Aanvullende bestraling (radiotherapie)
Bij schaamlipkanker wordt bestraling doorgaans toegepast als aanvullende (adjuvante) behandeling na een operatie om eventueel achtergebleven kankercellen te vernietigen. Dit is het geval als meerdere lymfklieren van de liezen kankercellen bevatten of als de tumor zich heeft uitgebreid tot aan de rand van het weefsel dat tijdens de operatie is verwijderd en het is niet goed mogelijk om nog een stuk weefsel te verwijderen. De kans op terugkeer van het kankerproces wordt hierdoor verkleind. Door straling kunnen kankercellen worden vernietigd. Kankercellen verdragen straling slechter dan gezonde cellen omdat zij zich niet of nauwelijks kunnen herstellen.
De bestraling moet nauwkeurig gedoseerd worden, zodat de tumorcellen vernietigd worden maar de schade aan gezond weefsel beperkt blijft. De toe te dienen stralingsdosis wordt daarom ook niet in een keer gegeven, maar in kleine porties. Voor veel mensen is bestraling iets angstigs. Straling is niet waar te nemen en niet te voelen en toch doet het iets in het lichaam.
Sommige mensen zijn bang dat ze zullen verbranden door de bestraling of dat ze er zelfs kanker door zullen krijgen. Hebt u vragen of twijfels, ziet u op tegen bestraling, bespreek dit dan met de radiotherapeut (de arts die gespecialiseerd is op het gebied van bestraling). Deze kan u veel informatie geven.
Chemoradiatie (bestraling met chemotherapie gecombineerd)

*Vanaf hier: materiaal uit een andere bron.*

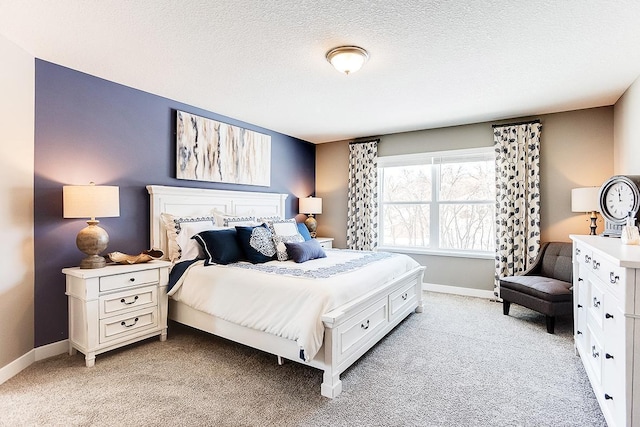 carpeted bedroom with a textured ceiling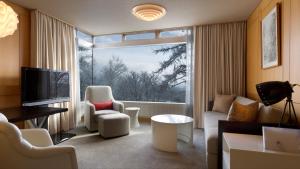 a living room with a couch and a large window at The Green Leaf, Niseko Village in Niseko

Soms wordt er gekozen om de tumor direct te behandelen met bestraling. Meestal omdat hij op een plaats groeit waar opereren niet goed mogelijk is zonder onnodig veel schade aan omliggend weefsel aan te richten.
De laatste jaren hebben veel studies geleerd dat bestraling in combinatie met chemotherapie zinvol is. Als iedere week in een kleine dosering chemotherapie wordt gebruikt tijdens de bestraling, reageren de kwaadaardige cellen beter. U krijgt aanvullende informatie indien deze behandeling voor u van toepassing blijkt.